Communication strategies for effective CEOs

Please read the original article here from the CEO of Sametab: https://www.sametab.com/blog/operations-and-internal-communication-strategies-for-effective-ceos


Most of us are wired to believe that if we say something, those who hear us will just naturally execute it exactly as we had envisioned it in the first place. If only managing people were that easy. In reality, just because you said, doesn’t mean it’s actually going to happen. 

The fundamental premise is that success is achieved not when the CEO thinks something is important, but when everyone thinks it is. What follows are some prescriptions to help you understand how effective CEOs, and leaders in general, should think about internal communication and operations. First we’ll go through some basic principles, then we’ll look at some real-life examples from some of today’s best companies, including Salesforce, Drift, Front and PayPal.

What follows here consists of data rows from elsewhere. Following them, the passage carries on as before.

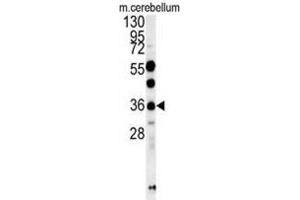 Western Blotting (WB) image for anti-OTU Domain Containing 6B (OTUD6B) antibody (ABIN3002448) (OTUD6B 抗体)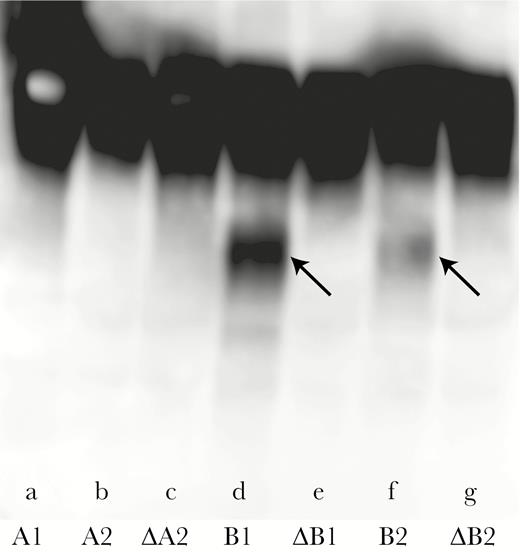 Lysosomal-associated membrane protein 1 (LAMP1) cleavage assay. Aliquots of cell culture medium from H292 cells infected for 24 hours with wild-type and mutant strains as indicated were filter sterilized and incubated with recombinant human LAMP1 at 37°C overnight. Digestions were separated on protein gels, transferred to polyvinylidene difluoride membrane, probed with antihuman LAMP1 antibody, and visualized by chemiluminescence. The large top band is intact LAMP1, and the smaller bands at the arrows are LAMP1 cleavage fragments. The IgA protease expressed by each strain is noted at the bottom; knockout mutants are noted by Δ. Lanes contain nontypeable Haemophilus influenzae strains: (a) 105P29H1, (b) 124P34H1, (c) igaA2 knockout mutant of 124P34H1, (d) 11P6H, (e) igaB1 knockout mutant of 11P6H, (f) 2019, (g) igaB2 knockout mutant of 2019.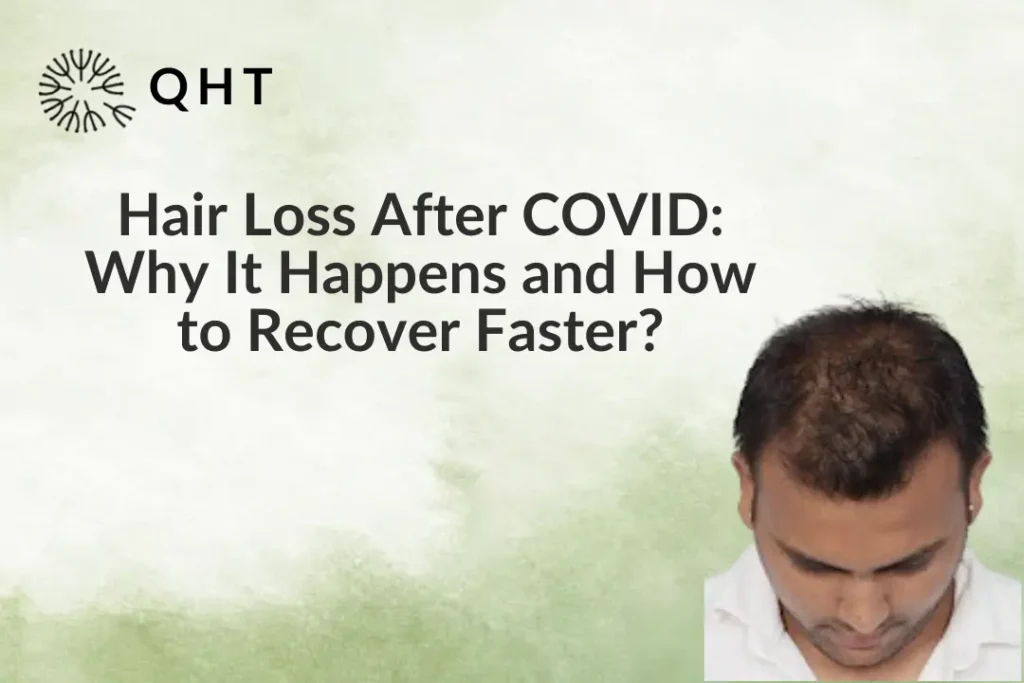 Hair Loss After COVID: Why It Happens and How to Recover Faster?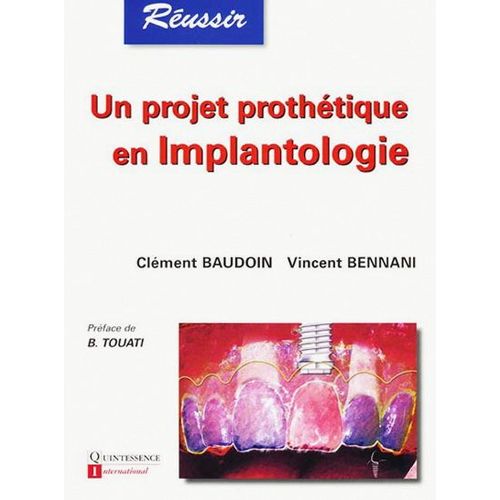 Un Projet Prothètique En Implantologie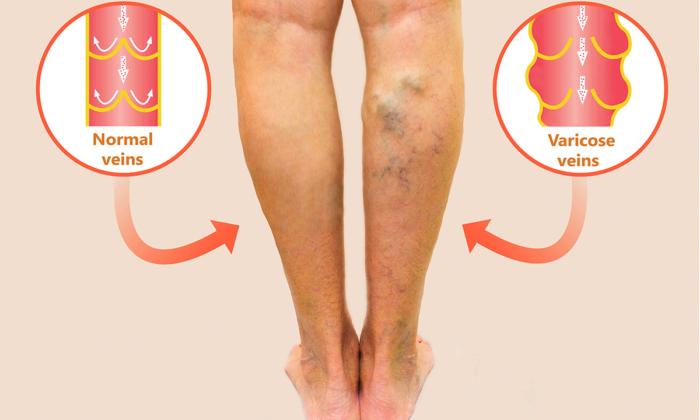 Wondering What to Do About Varicose Veins? Traditional Chinese Medicine Has Solutions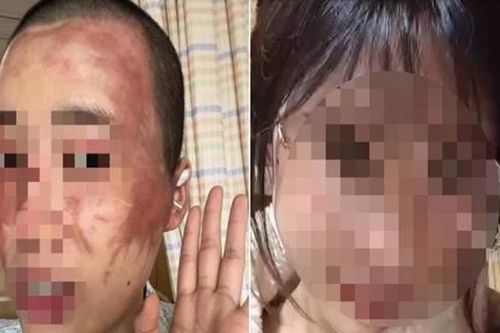 Không chịu sinh con thứ 2, vợ bị chồng tạt axit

Narratives (not facts) are what move people

Subtract facts from reality, and what’s left is storytelling. Great leaders know that while facts help people understand and comprehend reality, it’s in narratives that make enthusiasm, excitement and passion “happen”. Ultimately, we are the stories that we tell.

When communicating important new messages, rather than presenting new facts try thinking of it as broaching a new narrative. Think of what you’re trying to accomplish in a broader and more holistic way, surrounding the facts (the actual company goals and milestones) with a convincing and appealing narrative. A good narrative can not only help you make facts more compelling and inspiring, but it can actually make them easier to understand. The more your narrative (as opposed to the facts) resonates with its intended audience, the more likely you are to have an impact and actually make an impression in people’s heads.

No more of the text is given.